GOAL OF THE EXERCISE: Lines with the string "Black" must each be copied from the listing.

RECORDS TO PROCESS:
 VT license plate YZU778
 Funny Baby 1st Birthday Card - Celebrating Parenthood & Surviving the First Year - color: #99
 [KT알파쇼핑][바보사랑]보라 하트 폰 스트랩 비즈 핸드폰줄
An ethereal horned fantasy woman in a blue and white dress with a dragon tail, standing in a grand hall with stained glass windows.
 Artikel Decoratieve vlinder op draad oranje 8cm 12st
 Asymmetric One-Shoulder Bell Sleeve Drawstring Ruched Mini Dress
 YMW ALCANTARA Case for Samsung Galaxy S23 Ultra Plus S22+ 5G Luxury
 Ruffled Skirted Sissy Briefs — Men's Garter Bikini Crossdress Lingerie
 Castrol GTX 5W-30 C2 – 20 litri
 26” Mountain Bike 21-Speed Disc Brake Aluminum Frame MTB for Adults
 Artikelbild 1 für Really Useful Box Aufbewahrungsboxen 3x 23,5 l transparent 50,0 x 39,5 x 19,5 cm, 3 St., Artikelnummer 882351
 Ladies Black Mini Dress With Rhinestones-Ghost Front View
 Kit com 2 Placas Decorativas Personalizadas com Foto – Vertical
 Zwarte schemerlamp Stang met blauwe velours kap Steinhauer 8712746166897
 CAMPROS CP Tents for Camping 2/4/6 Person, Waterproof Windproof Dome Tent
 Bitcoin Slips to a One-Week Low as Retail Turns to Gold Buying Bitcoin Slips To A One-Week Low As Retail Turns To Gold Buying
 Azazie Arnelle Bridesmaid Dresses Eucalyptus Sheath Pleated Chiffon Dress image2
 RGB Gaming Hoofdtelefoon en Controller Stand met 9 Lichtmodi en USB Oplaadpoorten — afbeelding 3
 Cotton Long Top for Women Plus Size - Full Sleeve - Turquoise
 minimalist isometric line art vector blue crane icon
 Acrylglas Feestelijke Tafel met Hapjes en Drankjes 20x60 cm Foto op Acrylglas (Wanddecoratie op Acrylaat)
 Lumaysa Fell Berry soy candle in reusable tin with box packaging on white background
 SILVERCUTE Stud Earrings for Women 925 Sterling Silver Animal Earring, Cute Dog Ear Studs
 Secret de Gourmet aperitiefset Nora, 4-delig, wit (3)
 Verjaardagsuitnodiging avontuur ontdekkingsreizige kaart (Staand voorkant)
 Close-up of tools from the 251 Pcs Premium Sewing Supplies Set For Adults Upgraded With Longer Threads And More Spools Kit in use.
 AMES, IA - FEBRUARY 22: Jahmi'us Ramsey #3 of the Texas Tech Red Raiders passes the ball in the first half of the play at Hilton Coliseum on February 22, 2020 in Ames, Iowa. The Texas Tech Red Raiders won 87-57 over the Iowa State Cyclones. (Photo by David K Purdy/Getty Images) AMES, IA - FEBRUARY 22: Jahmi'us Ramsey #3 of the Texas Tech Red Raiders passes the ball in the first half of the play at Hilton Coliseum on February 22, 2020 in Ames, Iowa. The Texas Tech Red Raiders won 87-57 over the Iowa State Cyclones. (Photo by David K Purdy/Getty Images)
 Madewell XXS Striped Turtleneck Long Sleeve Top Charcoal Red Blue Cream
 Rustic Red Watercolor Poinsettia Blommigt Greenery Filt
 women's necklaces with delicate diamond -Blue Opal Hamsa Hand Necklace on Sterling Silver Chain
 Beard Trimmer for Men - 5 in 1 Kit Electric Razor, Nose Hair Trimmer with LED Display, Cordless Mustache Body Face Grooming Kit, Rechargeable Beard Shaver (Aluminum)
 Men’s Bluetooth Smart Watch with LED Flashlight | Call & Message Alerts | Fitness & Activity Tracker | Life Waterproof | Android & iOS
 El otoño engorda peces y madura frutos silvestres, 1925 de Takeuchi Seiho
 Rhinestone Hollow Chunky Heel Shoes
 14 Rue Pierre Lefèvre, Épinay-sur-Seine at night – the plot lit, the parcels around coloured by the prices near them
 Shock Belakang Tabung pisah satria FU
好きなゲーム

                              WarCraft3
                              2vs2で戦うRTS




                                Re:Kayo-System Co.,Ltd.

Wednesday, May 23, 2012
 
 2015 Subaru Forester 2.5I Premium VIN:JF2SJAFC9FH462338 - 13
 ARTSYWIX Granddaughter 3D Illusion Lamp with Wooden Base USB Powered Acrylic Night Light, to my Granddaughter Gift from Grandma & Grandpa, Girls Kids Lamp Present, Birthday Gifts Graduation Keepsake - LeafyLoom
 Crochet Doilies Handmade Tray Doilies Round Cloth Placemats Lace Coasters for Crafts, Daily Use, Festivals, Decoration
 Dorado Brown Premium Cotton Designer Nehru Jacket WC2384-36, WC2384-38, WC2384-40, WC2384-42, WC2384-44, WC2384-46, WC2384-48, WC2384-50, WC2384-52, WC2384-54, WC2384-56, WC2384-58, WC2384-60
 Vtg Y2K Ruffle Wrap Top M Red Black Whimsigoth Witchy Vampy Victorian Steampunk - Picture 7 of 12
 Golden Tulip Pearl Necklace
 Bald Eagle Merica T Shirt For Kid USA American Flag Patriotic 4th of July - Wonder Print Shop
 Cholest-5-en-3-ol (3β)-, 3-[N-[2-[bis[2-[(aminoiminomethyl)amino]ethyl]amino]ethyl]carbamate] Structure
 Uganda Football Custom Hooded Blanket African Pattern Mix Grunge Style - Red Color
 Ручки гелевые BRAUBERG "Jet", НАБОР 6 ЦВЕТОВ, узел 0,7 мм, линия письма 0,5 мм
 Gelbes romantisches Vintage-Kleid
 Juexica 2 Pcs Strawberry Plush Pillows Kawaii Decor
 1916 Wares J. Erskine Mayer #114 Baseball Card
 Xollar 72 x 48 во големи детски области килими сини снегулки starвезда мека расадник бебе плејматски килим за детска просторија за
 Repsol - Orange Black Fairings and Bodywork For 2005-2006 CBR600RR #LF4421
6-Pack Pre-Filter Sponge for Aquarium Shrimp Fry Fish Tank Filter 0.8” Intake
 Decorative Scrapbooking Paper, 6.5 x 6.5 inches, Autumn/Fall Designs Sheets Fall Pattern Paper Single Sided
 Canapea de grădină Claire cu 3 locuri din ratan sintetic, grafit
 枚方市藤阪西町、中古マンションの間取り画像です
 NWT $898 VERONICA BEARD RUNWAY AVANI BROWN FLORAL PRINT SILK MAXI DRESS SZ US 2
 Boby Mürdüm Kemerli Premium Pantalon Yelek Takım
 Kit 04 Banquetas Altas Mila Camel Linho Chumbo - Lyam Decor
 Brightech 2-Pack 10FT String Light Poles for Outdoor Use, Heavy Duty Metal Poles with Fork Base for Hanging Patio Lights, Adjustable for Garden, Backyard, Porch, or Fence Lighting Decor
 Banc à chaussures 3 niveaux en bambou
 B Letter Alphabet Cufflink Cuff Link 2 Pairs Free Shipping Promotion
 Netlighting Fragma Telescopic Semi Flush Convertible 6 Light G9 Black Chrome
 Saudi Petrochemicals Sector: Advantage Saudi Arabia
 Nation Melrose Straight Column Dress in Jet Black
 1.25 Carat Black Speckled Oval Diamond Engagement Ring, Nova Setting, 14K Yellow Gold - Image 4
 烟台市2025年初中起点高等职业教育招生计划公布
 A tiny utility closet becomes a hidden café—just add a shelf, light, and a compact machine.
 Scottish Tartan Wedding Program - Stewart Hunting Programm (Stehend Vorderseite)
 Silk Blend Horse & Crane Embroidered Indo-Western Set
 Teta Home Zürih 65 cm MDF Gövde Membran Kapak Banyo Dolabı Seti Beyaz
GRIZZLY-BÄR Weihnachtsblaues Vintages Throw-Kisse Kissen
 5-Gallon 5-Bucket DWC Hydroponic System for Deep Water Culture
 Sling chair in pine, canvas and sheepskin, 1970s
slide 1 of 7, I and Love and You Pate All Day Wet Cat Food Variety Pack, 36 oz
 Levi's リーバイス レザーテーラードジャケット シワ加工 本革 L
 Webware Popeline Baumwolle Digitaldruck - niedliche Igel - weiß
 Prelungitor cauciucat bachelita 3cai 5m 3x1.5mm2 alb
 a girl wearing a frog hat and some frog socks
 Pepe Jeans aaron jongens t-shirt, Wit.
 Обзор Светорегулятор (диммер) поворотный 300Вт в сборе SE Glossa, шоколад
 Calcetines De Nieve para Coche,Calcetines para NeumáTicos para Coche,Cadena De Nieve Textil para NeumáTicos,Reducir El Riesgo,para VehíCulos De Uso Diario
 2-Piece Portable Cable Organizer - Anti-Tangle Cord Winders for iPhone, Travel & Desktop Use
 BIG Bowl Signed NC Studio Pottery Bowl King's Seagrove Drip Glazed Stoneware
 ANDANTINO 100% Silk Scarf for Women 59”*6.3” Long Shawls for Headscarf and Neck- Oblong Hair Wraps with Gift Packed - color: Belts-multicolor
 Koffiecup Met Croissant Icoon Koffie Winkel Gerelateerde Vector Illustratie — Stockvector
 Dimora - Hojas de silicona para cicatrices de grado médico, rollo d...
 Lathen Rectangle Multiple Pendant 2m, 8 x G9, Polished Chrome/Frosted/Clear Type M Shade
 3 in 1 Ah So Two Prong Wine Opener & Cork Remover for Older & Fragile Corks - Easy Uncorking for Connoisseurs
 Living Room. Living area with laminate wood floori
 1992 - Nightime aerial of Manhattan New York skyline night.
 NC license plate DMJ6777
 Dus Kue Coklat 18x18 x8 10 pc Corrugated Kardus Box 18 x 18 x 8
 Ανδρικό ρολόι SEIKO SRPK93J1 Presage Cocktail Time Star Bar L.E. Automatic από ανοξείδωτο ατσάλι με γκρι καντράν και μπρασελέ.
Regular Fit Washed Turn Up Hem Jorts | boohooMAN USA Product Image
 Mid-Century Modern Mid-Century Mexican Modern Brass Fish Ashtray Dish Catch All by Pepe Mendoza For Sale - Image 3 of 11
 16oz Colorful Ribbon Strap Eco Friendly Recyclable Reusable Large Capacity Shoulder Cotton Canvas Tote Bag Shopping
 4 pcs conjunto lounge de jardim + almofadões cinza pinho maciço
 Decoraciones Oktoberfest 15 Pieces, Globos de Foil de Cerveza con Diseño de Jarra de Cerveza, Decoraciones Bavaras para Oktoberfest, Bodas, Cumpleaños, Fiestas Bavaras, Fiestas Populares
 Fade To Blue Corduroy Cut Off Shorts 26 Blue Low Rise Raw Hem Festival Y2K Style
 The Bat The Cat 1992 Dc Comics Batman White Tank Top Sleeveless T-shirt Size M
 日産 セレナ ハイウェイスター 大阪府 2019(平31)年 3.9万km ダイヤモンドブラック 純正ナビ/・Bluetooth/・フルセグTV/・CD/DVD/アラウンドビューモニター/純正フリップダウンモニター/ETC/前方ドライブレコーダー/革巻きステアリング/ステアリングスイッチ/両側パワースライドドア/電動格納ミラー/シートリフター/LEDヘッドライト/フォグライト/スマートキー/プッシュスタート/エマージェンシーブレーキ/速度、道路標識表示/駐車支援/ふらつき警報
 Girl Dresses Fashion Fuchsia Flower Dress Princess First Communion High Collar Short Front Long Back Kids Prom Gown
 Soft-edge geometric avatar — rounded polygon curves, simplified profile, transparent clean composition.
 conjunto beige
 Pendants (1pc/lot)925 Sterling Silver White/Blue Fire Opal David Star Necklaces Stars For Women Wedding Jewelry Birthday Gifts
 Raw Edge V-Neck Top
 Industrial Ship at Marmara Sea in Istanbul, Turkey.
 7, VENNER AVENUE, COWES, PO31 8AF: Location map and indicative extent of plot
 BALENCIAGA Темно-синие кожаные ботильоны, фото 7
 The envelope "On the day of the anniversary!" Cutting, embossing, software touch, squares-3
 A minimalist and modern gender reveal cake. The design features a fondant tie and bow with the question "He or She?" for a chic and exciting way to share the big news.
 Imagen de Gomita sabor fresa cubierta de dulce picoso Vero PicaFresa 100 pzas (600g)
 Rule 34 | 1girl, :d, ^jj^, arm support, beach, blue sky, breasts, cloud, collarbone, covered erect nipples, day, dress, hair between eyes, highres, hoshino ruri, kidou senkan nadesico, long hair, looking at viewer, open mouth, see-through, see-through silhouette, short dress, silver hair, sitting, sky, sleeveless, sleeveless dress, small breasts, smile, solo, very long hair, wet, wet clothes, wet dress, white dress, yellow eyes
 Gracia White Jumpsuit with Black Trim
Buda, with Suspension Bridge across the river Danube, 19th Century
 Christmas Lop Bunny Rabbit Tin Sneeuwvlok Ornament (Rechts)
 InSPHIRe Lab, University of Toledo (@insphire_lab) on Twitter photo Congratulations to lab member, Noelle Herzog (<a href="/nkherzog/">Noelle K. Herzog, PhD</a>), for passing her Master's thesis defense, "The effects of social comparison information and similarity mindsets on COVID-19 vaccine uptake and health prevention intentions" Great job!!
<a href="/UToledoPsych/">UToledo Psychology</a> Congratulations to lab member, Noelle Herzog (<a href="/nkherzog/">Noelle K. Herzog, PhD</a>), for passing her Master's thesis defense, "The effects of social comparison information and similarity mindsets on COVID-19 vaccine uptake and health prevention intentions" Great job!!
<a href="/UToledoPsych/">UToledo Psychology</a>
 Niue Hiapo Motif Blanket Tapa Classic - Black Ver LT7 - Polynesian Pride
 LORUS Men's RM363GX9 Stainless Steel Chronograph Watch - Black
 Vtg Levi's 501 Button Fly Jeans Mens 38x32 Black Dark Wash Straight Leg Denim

EXERCISE OUTPUT:
 Ladies Black Mini Dress With Rhinestones-Ghost Front View
 Vtg Y2K Ruffle Wrap Top M Red Black Whimsigoth Witchy Vampy Victorian Steampunk - Picture 7 of 12
 Repsol - Orange Black Fairings and Bodywork For 2005-2006 CBR600RR #LF4421
 Netlighting Fragma Telescopic Semi Flush Convertible 6 Light G9 Black Chrome
 Nation Melrose Straight Column Dress in Jet Black
 1.25 Carat Black Speckled Oval Diamond Engagement Ring, Nova Setting, 14K Yellow Gold - Image 4
 Gracia White Jumpsuit with Black Trim
 Niue Hiapo Motif Blanket Tapa Classic - Black Ver LT7 - Polynesian Pride
 LORUS Men's RM363GX9 Stainless Steel Chronograph Watch - Black
 Vtg Levi's 501 Button Fly Jeans Mens 38x32 Black Dark Wash Straight Leg Denim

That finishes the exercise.